Adams came out as transgender when he was 14. He began wearing masculine clothes and cut his hair like a boy. “I made all the changes to begin living as my authentic self,” he said in an interview Wednesday with The Atlanta Journal-Constitution.
In the summer of 2015, just before Adams began attending Nease High School, his mother informed officials that her son was transitioning and would be attending school as a boy. And for the first five weeks of school, Adams used the boys’ restroom without incident.

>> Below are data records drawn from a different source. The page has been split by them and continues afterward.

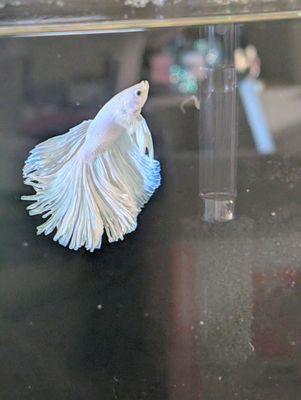 Marine World Tropical & Salt Water Fish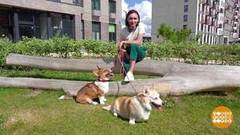 Выгуливаем собак — в паре. Доброе утро. Суббота. Фрагмент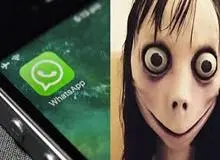 نوجوان تبلیغ کننده مومو بازداشت شد+جزییات 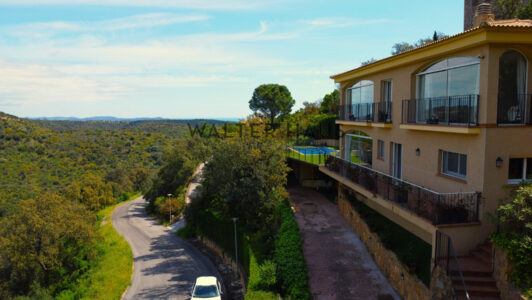 DJI_08408515-1.jpg
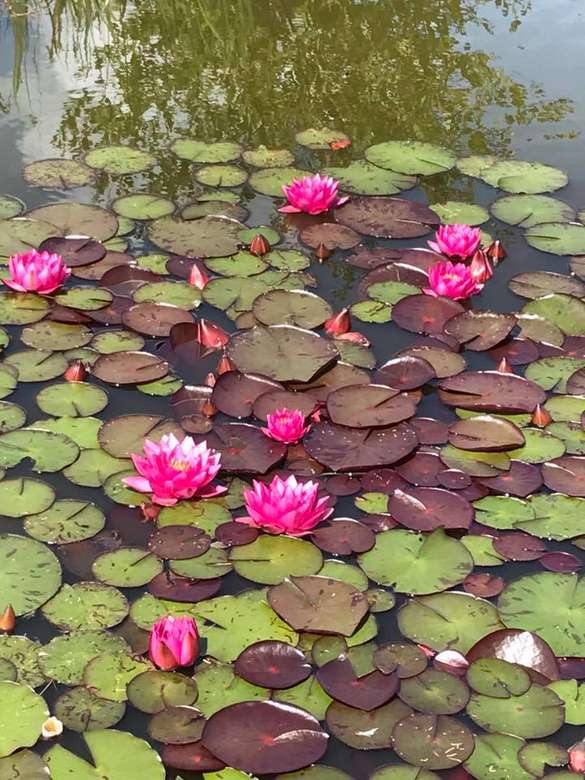 Magiczne lilie wodne puzzle online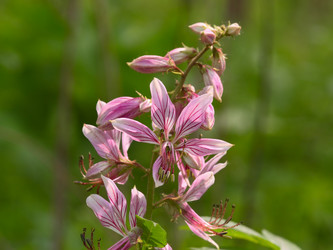 Similar image 1163537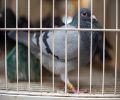 Capture de pigeon à Terrebonne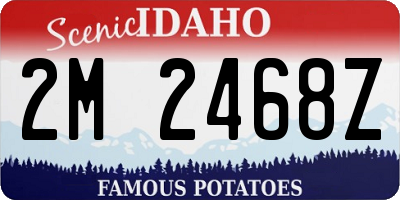 ID license plate 2M2468Z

But Adams was soon called out of his history class and told over the intercom to go to the office. That’s when his guidance counselor told him that, from then on, Adams had to use the gender-neutral bathroom in the school office. The school would later erect a few other gender-neutral bathrooms. But Adams said they were so inconveniently located, he cut back on how much water he drank during the day.

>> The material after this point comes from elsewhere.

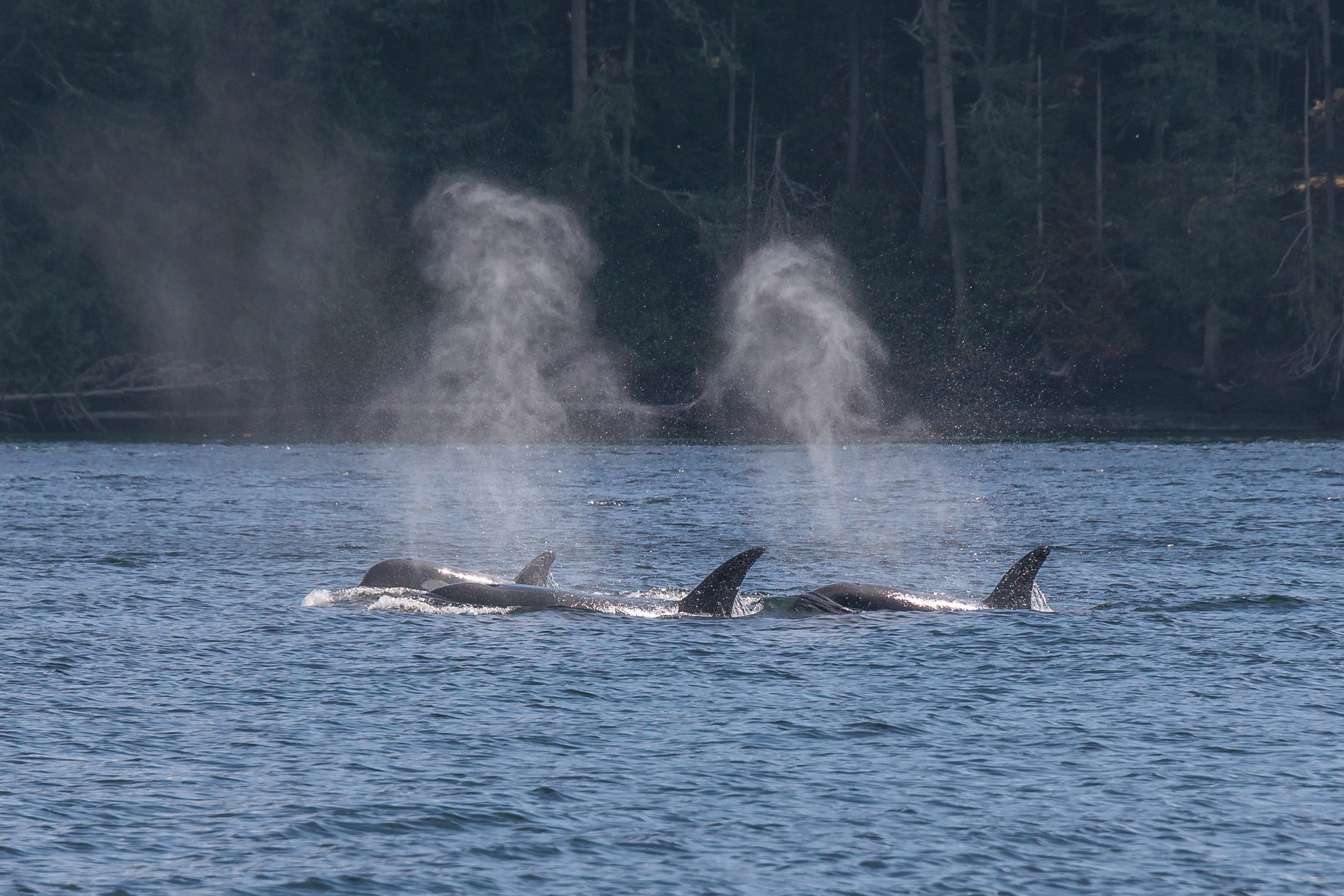 August 9, 2023, 3:30 PM - T036s and Indy in Active Pass, plus Zig Zag and her calf!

To Adams, the school's refusal to let him use the boys' bathroom meant the school refused to accept who he was.
"There was a lot of shame and embarrassment," he said. "It was very ostracizing. I felt like the school didn't want me and didn't value me for who I am."
The following year, Adams began taking birth control to halt menstruation and testosterone to make his body more masculine. In 2017, he had a double mastectomy.

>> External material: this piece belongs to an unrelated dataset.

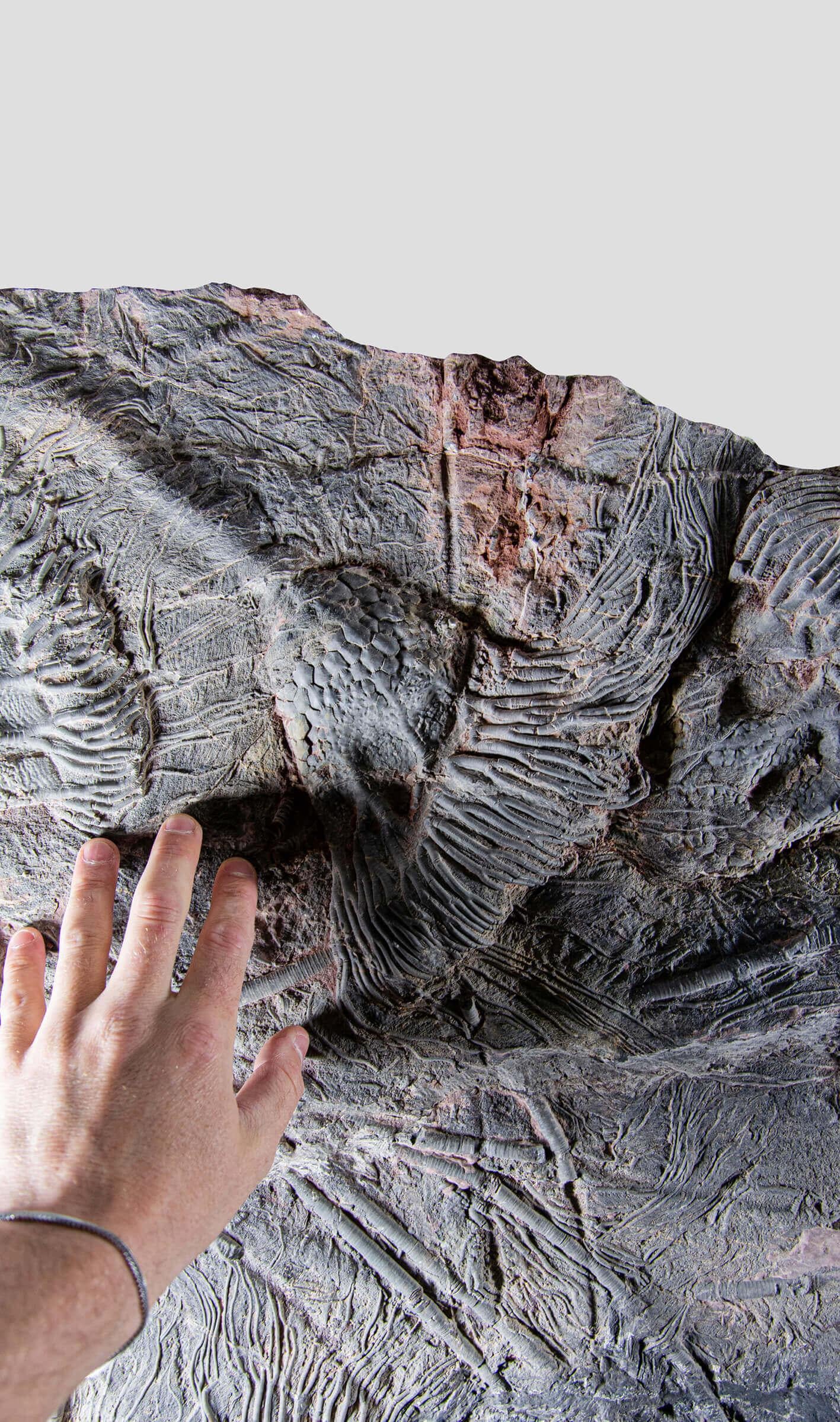 Fossil Seabed of Crinoidea Scyphocrinites Elegans of Enormous Proportions In Excellent Condition For Sale In Scorton, GB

He also underwent a legal transition, changing his gender to male on his Florida driver’s license and birth certificate.
During this time, Adams and his mother, Erica Kasper, met with school officials on numerous occasions, asking them to change the policy. But their appeals were unsuccessful.
Finally, in June 2017, Adams and his mother decided to file a federal lawsuit against the school board. It was not an easy decision, but one that had to be made, Kasper said.
“If not us, who?” she asked. “If not now, when?”
The case was assigned to U.S. District Judge Timothy Corrigan, appointed to the bench by President George W. Bush. Five months later, Corrigan presided over a three-day trial, hearing testimony from experts, school officials and Adams.
Even though the county school board appealed the ruling to the 11th U.S. Circuit Court of Appeals in Atlanta, it did not ask Corrigan to keep the bathroom policy in force while the case was pending. This meant Adams could use the boys’ bathroom during his senior year.
“It was liberating,” Adams said, noting his friends celebrated Corrigan’s ruling with posts on social media.
In his meticulous, 70-page ruling, Corrigan dismissed each one of the school board’s concerns about a transgender student using the boys’ bathroom.
As for the school board’s privacy concerns, Corrigan noted that Adams must go to the bathroom inside a stall with a closed door because he can’t use a urinal. Also, the judge said, there is no evidence that a transgender boy would be any more likely to be curious about another student’s anatomy than any other boy. And if a student were concerned about other students seeing his anatomy, he could use one of the gender-neutral bathrooms, the judge said.
Corrigan ruled in Adams’ favor on equal protection grounds. He also found that the school board violated Adams’ right not to be discriminated against on the basis of sex under Title IX, a 1972 law covering school systems that receive financial aid from the federal government.
“Even if a school is otherwise prepared to accept a student as transgender, it is not surprising that allowing transgender students to use restrooms aligned with their gender identity is not an easy step,” Corrigan wrote.
“But neither was it easy when public restrooms were racially segregated,” he said. “To be sure, what the law requires and what some are comfortable with are not always the same.”
Adams, Corrigan added, poses no threat to the privacy or safety of his fellow students.
“Rather, Drew Adams is just like every other student at Nease High School, a teenager coming of age in a complicated, uncertain and changing world,” Corrigan wrote. “When it comes to his use of the bathroom, the law requires that he be treated like any other boy.”
Adams, who was an honor student at Nease High, is now a freshman at the University of Central Florida where he’s studying psychology and political science.
“I’m very hopeful the court will rule in our favor,” Adams said. “I realize how much bigger than me this is.”